In their own voice: Mentoring to give back

Zane Coppedge
Current Title: Security developer engineer, Cyber Defense Operations Center, Microsoft
Former Title: Staff sergeant, Army


Here at Microsoft, I work as a developer engineer in the Cyber Defense Operations Center, where I investigate cybersecurity incidents.

When I decided to leave the Army, it was kind of a make-or-break moment: Either I get out and pursue a whole new career path as a civilian, or I stay in and make the military a career. I’d served more than eight years in the Army as a Korean linguist. During that time I spent three years in Korea and a combined 19 months in Afghanistan. So, in that eight-year period, I spent maybe two years in the U.S., and that time was heavily broken up between deployments. I wanted to spend more time with my wife, maybe start a family, so I decided it was time to leave.

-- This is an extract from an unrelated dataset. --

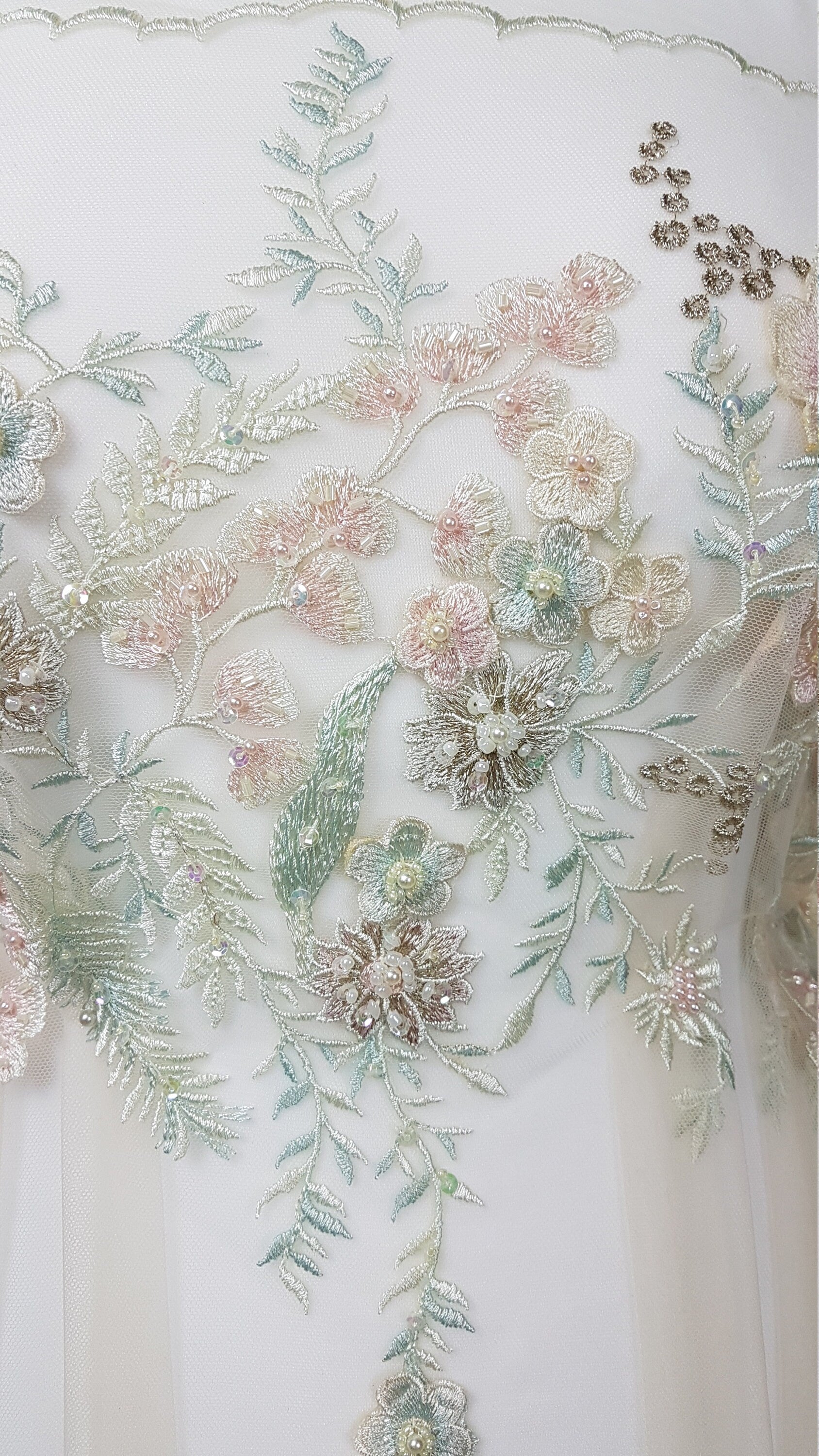 Wonderful Fairytale 3D-Flower Lace fabric in pastel colors on light yellow tulle, Colored bridal lace fabric, French wedding lace LL-1311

I began looking at transition programs and classes at Joint Base Lewis-McChord Education Center, and one of the counselors mentioned Microsoft Software & Systems Academy (MSSA). Initially I was nervous about leaving the Army, but when I started looking at the MSSA program, it just made sense. It made me feel like there was a path that I could follow. Now granted, it wasn’t a guaranteed path, but it was a path I could take to get out and be successful and, you know, not have to eat ramen for the next three years while going to college.

I actually took two years of software development classes in high school. But that was 10 years before I joined MSSA, so I had a lot to catch up on. MSSA gave me a chance to get my head in the game and really start thinking about the business side of the tech world. I knew very basic coding, but how to interact with a team of developers, how to be agile — that’s what the program really showed me. I found that it was similar to a lot of things we did in the military, so it really connected a lot of dots for me.

You really fear that you’re going to be stereotyped when you get out of the military. You have all these interesting skills that only apply to your service. That process can be very, very daunting.

In the military I worked with Korean nationals, Afghanis, people in other countries’ military services and people in other branches of the American services. Sometimes the way those people did things was totally different than the way we conducted ourselves, or they might have had different motives entirely. Understanding those dynamic relationships and having experience working in very diverse environments where people have different goals has really helped me in my job at Microsoft, where I’m working with teams that may be spread across the globe. In addition, I’ve been able to take some of the real, deep analytical skills and agility that I learned in the military and apply them directly to my work.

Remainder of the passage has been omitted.